Research commissioned by the short-term letting site values Airbnb's total contribution to Ireland’s gross domestic product at over €500m in 2022, with local businesses, shops and restaurants benefitting from visitors availing of Airbnb accommodation.
The Irish Economic Impact Report was compiled by Oxford Economics and found that Airbnb supported almost 5,000 jobs across the country and accounted for 6% of all nights in paid accommodation in Ireland in 2022.
"That €500m of contribution would have been money that our guests would have spent on hosts in Ireland... but also that money they would have spent in local cafés, local pubs, local restaurants," said Derek Nolan, Head of Public Policy at Airbnb Ireland.
"Interestingly, what the report shows is the vast majority of that spending is outside Dublin. 20% of it, approximately, is in Dublin, but the rest is in all of the small corners and nooks and crannys of Ireland, spreading that tourism benefit to everyone in the country."

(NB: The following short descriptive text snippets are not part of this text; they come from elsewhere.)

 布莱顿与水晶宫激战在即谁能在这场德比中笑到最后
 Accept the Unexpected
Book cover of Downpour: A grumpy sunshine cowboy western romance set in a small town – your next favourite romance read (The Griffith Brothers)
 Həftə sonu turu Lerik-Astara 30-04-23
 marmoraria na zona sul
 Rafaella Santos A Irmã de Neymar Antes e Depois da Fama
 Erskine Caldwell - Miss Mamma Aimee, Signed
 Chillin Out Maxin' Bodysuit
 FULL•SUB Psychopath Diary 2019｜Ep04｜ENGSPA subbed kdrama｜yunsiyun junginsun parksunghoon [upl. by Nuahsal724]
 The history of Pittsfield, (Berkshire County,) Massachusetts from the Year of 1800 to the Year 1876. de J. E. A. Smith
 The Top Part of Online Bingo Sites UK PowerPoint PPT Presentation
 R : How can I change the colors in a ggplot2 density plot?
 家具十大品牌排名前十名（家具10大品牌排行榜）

Had visitors instead chosen to stay in a hotel or regular B&B that spending would likely have still been made in the economy.
However Mr Nolan argues that the strength of Airbnb is its ability to make more parts of the economy accessible to tourists.

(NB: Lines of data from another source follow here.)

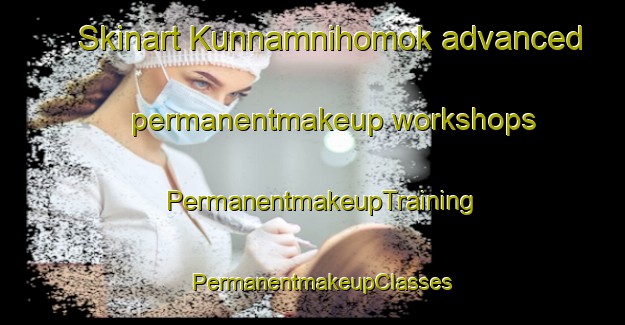 Skinart Kunnamnihomok advanced permanentmakeup workshops | PermanentmakeupTraining | PermanentmakeupClasses | SkinartTraining-Korea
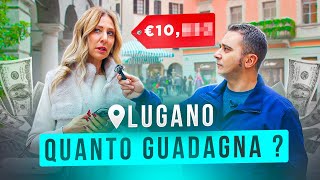 Quanto si GUADAGNA in SVIZZERA  Lugano [upl. by Vassily]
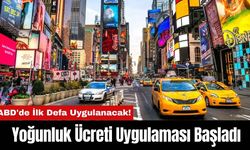 ABD'de İlk Defa Uygulanacak! Yoğunluk Ücreti Uygulaması Başladı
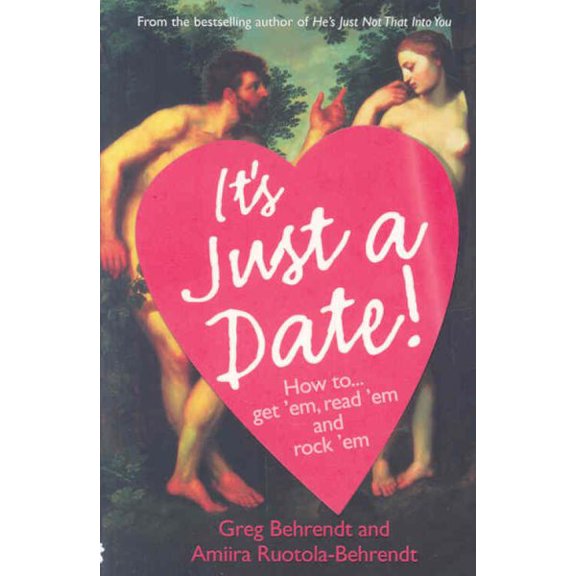 Pre-Owned It's Just a Date: How to Get 'Em, How to Read 'Em, And How to Rock 'Em (Paperback) 0007228325 9780007228324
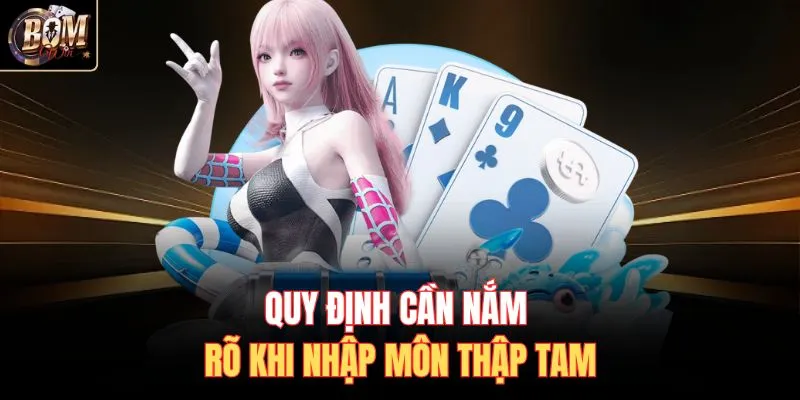 Quy định cần nắm rõ khi tham gia game mậu binh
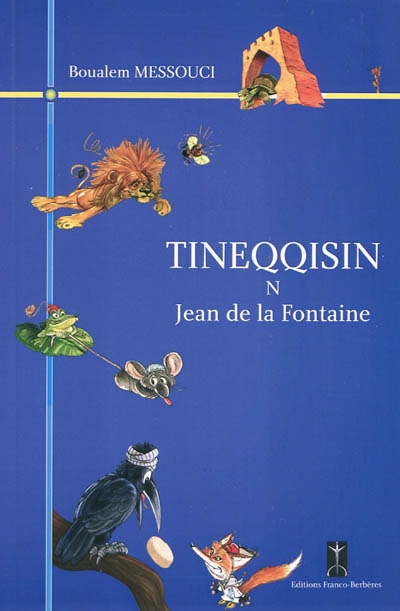 Tineqqisin n Jean de La Fontaine : fables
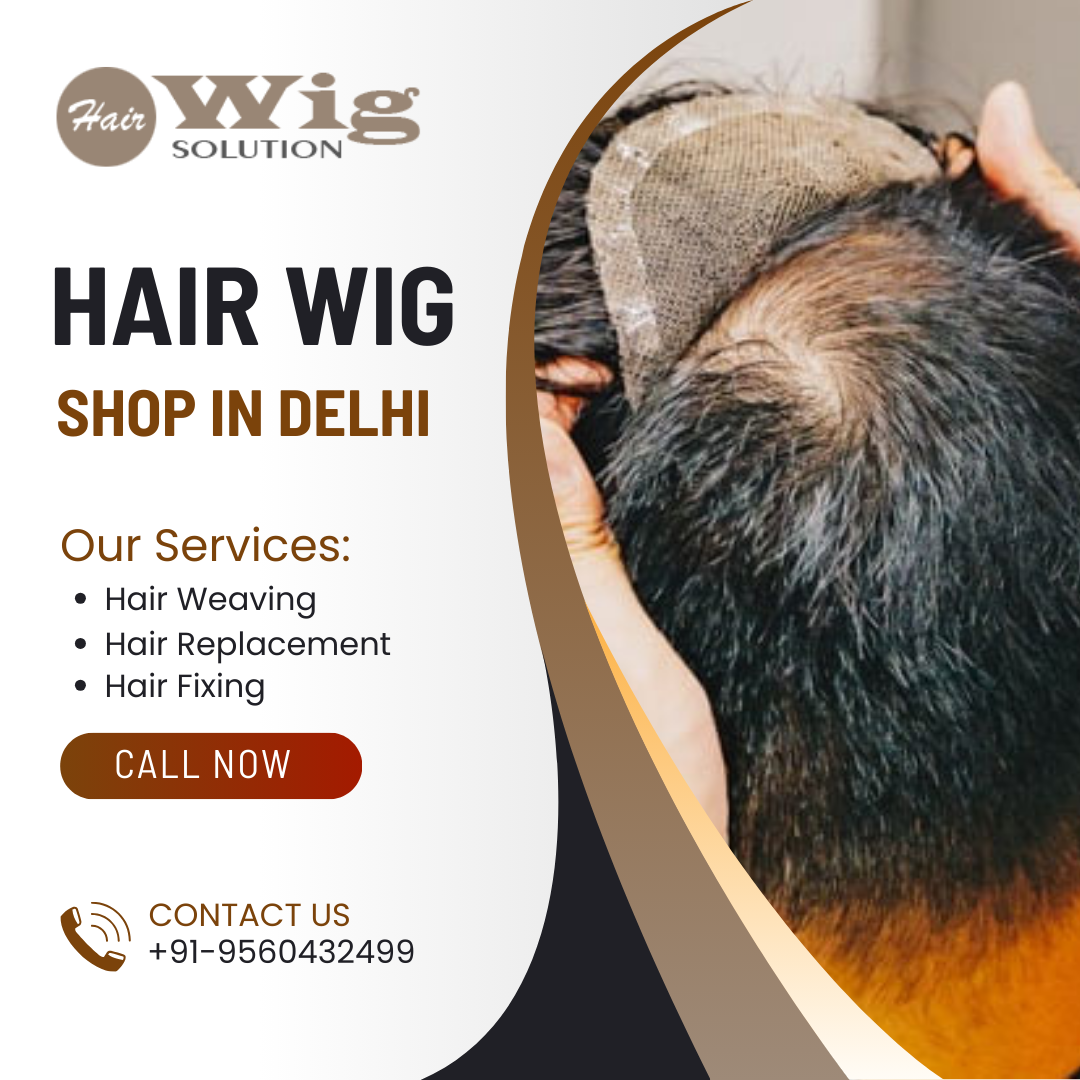 Why Hair Wig Solution is the Leading Hair Wig Shop in Sadar Bazar, Delhi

"I think what Airbnb has done is open up parts of the country that were never open to tourism before," he said.
"There are parts of the country that don't have a hotel, now you have little cottages on laneways and people sharing their home in small villages that just don't have that."
Mr Nolan also argues that the tightness in the tourism market last year means that many of those who used Airbnb may not have come at all if it was not available.
"I think 2022 was an interesting year in that we had real tight capacity in the tourism market," he said. "You can argue that a lot of that spend wouldn't have happened without the ability of Irish people to share their homes on platforms such as Airbnb."
Airbnb has faced criticism for its impact on the wider property market, with opponents arguing that it has pulled accommodation out of the long-term rental market.
In recent years the Government has moved to restrict the short-term letting of houses and apartments in a bid to address the housing shortage.
In 2019, a regulation was introduced which required the permission of a local authority if a property was being rented out on a short-term basis for more than 90 days a year in a rent pressure zone.
Mr Nolan said everyone accepted that housing was a priority for Ireland, but said it was a "fallacy" to suggest that Airbnb was the cause.
However he said it was vital that the rules around short-term lets were enforced, and he said a national registration system was required to make that happen.
"I think it's important we get that sooner rather than later", he said.
The Government is currently working on this kind of a system, but progress has been paused until the end of the year following an intervention by the European Commission.